I rebuilt the portlights on our 1986 Dana 24, way back when before the age of digital cameras (I was a late adopter
). So I don't have any good photos to show you.
But I can say that rebuilding them is well within the capability of most boat owners. It actually makes for a nice winter project if you have a good work bench where you can set-up.
Our portlights were still mounted in the boat. There were no problems with the frames -- only the sashes needed work. So I removed the sashes two at a time (one large and one small), covered the portlight with a plywood clamp contraption, brought them home, rebuilt the pair then brought them back to the boat and swapped them for the next pair.
You are in some ways fortunate that you can take them all home at once and set-up a production line.
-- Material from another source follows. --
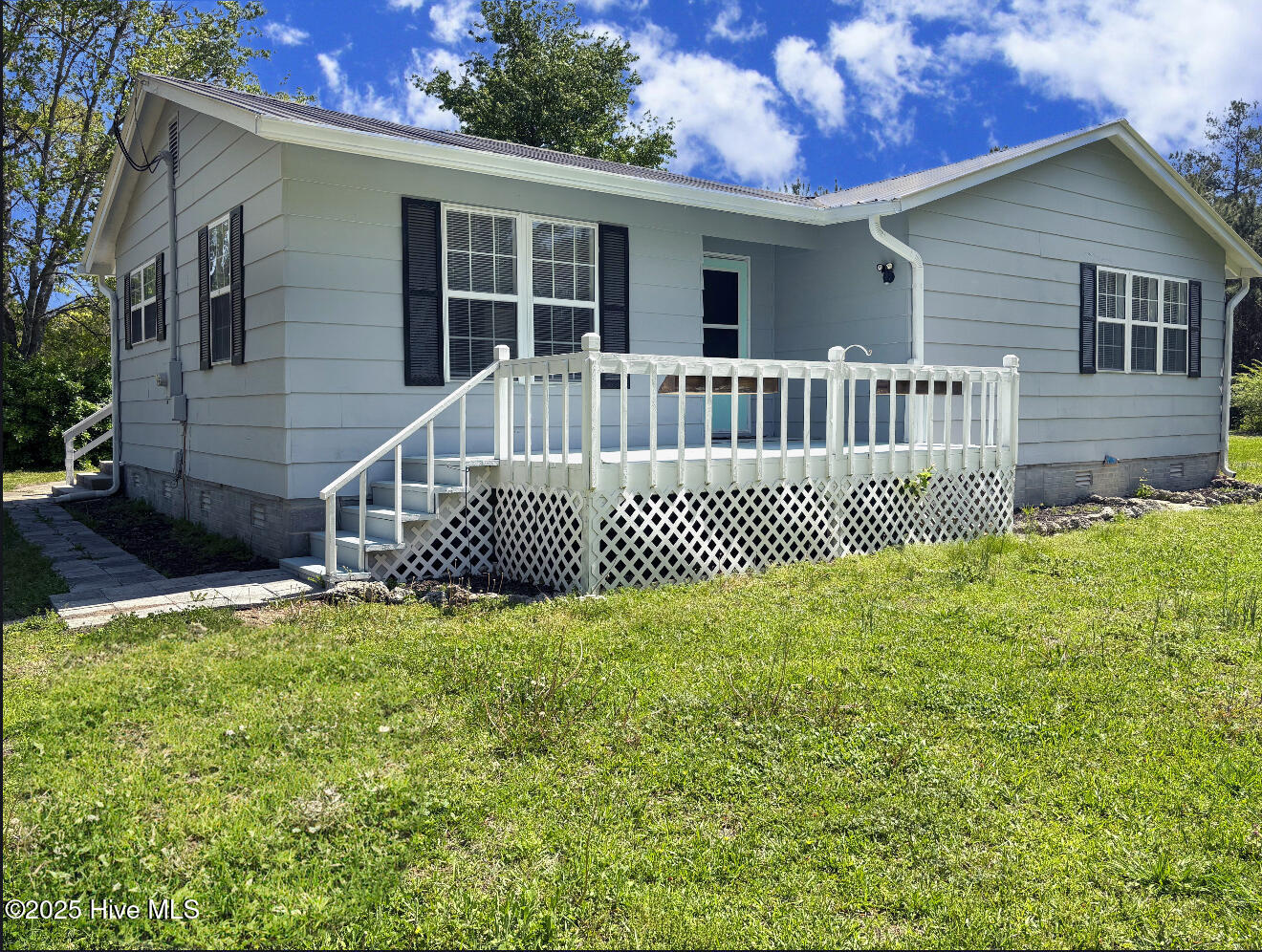 6835 Highway 17 Property Photo 3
But just make sure the exposed portlight openings are well sealed against the elements.
Yes, acrylic is the way to go. Just get one large and one small portlight lens out, then bring them to your local glass shop and they can cut new ones for you at a very reasonable price if you don't need it tomorrow.
To get at the portlight lenses, you will need to remove the flange from the sash. First remove the old gasket, which will expose a series of machine screws. Expect many of these little brass machine screws to crumble when you attempt to extract them. You will have to drill them out carefully
. Get yourself a little tap and die kit if you don't have one, and be sure to use loctite or similar when you install the new machine screws into the flange.
I ended up rebedding the portlight lenses with a non-acidic
silicone sealant, which actually worked quite well. But there are probably better lens-bedding materials -- Mainsail might have a good suggestion.
I obtained replacement sash gaskets from the OEM, Whitewater Marine. They fit perfectly and were easy to install.
I buffed out the bronze portlights using the little B&D Mouse polishing kit -- they looked like gold when I was done. Very pretty.
After re-installing the portlight sashes, there is one final crucial step: Within the hinge mechanism is a tiny set screw which must be adjusted such that the portlight sash seats evenly around the portlight frame when it is closed. Some trial and error is necessary. Over time, as the new gaskets compress some, you will need to readjust the set screw.